Work instructions =>
Pictures are to be excluded. Please print only the lines from the one containing "15 Bobbie Street, Parkinson QLD 4115" through the end of the data, exactly as they appear.

Recorded information =>

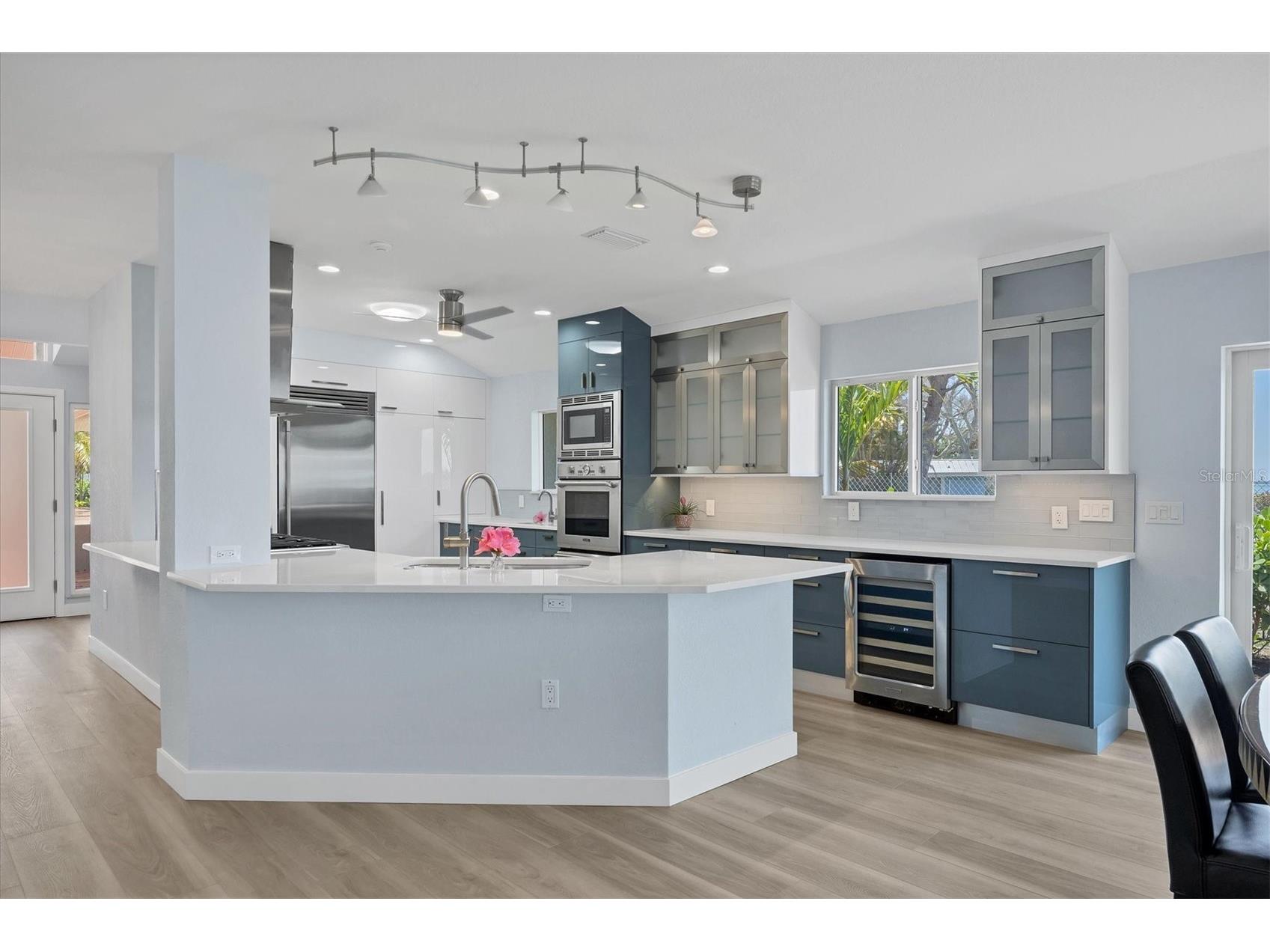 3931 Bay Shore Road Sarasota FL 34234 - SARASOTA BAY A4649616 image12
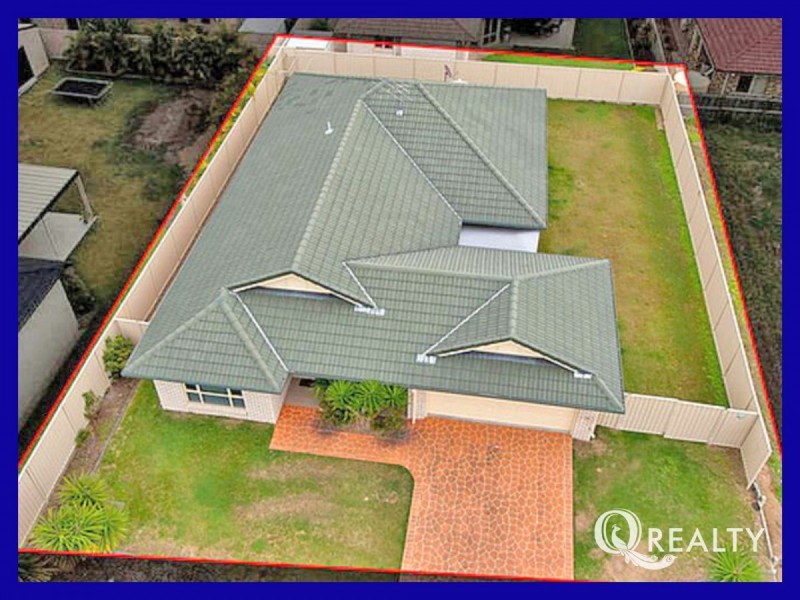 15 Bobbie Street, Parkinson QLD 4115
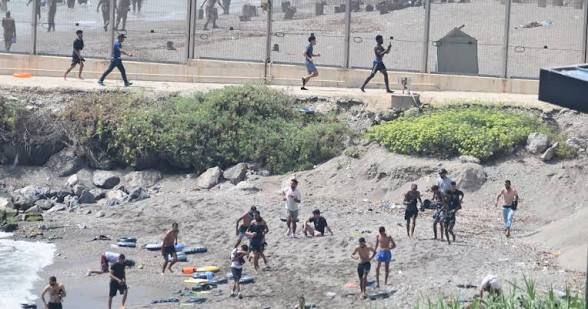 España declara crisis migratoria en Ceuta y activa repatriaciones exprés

Task result =>
 15 Bobbie Street, Parkinson QLD 4115
 España declara crisis migratoria en Ceuta y activa repatriaciones exprés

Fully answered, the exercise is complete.